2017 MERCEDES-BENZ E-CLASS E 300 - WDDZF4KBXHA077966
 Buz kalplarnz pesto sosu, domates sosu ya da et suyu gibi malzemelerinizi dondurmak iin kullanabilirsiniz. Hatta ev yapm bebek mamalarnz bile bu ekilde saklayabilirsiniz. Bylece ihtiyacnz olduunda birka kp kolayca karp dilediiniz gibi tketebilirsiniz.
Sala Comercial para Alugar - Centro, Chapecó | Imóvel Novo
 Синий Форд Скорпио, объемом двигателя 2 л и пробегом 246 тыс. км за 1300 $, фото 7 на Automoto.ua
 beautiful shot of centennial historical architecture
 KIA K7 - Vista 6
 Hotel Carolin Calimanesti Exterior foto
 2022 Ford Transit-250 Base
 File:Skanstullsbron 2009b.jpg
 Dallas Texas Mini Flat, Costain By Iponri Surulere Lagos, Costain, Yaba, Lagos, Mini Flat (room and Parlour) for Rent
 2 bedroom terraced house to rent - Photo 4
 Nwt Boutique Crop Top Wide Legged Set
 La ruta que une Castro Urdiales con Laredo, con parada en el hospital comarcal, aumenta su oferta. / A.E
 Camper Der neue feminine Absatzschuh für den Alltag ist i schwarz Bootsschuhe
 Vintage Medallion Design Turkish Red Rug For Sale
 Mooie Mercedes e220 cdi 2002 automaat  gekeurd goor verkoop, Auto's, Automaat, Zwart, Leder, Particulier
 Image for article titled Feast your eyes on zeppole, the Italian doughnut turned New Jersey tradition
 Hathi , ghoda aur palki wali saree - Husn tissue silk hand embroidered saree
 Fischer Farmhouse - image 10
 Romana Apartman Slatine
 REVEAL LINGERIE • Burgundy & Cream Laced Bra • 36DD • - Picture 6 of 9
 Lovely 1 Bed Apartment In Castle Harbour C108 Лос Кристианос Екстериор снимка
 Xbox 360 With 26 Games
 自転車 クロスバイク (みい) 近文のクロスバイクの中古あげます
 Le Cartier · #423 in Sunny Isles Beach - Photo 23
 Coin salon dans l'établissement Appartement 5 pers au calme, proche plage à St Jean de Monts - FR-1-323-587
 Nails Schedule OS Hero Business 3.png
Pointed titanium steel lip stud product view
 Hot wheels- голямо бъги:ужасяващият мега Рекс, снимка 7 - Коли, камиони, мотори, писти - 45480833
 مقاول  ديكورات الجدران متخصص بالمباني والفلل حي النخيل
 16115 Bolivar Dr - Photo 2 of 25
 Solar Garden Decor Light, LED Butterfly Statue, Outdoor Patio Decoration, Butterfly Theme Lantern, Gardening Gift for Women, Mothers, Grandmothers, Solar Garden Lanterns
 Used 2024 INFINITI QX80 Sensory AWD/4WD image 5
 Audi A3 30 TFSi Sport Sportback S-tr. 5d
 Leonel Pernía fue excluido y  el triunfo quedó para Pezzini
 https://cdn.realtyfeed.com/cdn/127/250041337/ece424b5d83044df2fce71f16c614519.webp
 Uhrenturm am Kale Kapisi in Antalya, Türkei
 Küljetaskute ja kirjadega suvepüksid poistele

#### [EXERCISE DIRECTIONS]
Copy every record verbatim.

#### [EXERCISE RESULT]
2017 MERCEDES-BENZ E-CLASS E 300 - WDDZF4KBXHA077966
 Buz kalplarnz pesto sosu, domates sosu ya da et suyu gibi malzemelerinizi dondurmak iin kullanabilirsiniz. Hatta ev yapm bebek mamalarnz bile bu ekilde saklayabilirsiniz. Bylece ihtiyacnz olduunda birka kp kolayca karp dilediiniz gibi tketebilirsiniz.
Sala Comercial para Alugar - Centro, Chapecó | Imóvel Novo
 Синий Форд Скорпио, объемом двигателя 2 л и пробегом 246 тыс. км за 1300 $, фото 7 на Automoto.ua
 beautiful shot of centennial historical architecture
 KIA K7 - Vista 6
 Hotel Carolin Calimanesti Exterior foto
 2022 Ford Transit-250 Base
 File:Skanstullsbron 2009b.jpg
 Dallas Texas Mini Flat, Costain By Iponri Surulere Lagos, Costain, Yaba, Lagos, Mini Flat (room and Parlour) for Rent
 2 bedroom terraced house to rent - Photo 4
 Nwt Boutique Crop Top Wide Legged Set
 La ruta que une Castro Urdiales con Laredo, con parada en el hospital comarcal, aumenta su oferta. / A.E
 Camper Der neue feminine Absatzschuh für den Alltag ist i schwarz Bootsschuhe
 Vintage Medallion Design Turkish Red Rug For Sale
 Mooie Mercedes e220 cdi 2002 automaat  gekeurd goor verkoop, Auto's, Automaat, Zwart, Leder, Particulier
 Image for article titled Feast your eyes on zeppole, the Italian doughnut turned New Jersey tradition
 Hathi , ghoda aur palki wali saree - Husn tissue silk hand embroidered saree
 Fischer Farmhouse - image 10
 Romana Apartman Slatine
 REVEAL LINGERIE • Burgundy & Cream Laced Bra • 36DD • - Picture 6 of 9
 Lovely 1 Bed Apartment In Castle Harbour C108 Лос Кристианос Екстериор снимка
 Xbox 360 With 26 Games
 自転車 クロスバイク (みい) 近文のクロスバイクの中古あげます
 Le Cartier · #423 in Sunny Isles Beach - Photo 23
 Coin salon dans l'établissement Appartement 5 pers au calme, proche plage à St Jean de Monts - FR-1-323-587
 Nails Schedule OS Hero Business 3.png
Pointed titanium steel lip stud product view
 Hot wheels- голямо бъги:ужасяващият мега Рекс, снимка 7 - Коли, камиони, мотори, писти - 45480833
 مقاول  ديكورات الجدران متخصص بالمباني والفلل حي النخيل
 16115 Bolivar Dr - Photo 2 of 25
 Solar Garden Decor Light, LED Butterfly Statue, Outdoor Patio Decoration, Butterfly Theme Lantern, Gardening Gift for Women, Mothers, Grandmothers, Solar Garden Lanterns
 Used 2024 INFINITI QX80 Sensory AWD/4WD image 5
 Audi A3 30 TFSi Sport Sportback S-tr. 5d
 Leonel Pernía fue excluido y  el triunfo quedó para Pezzini
 https://cdn.realtyfeed.com/cdn/127/250041337/ece424b5d83044df2fce71f16c614519.webp
 Uhrenturm am Kale Kapisi in Antalya, Türkei
 Küljetaskute ja kirjadega suvepüksid poistele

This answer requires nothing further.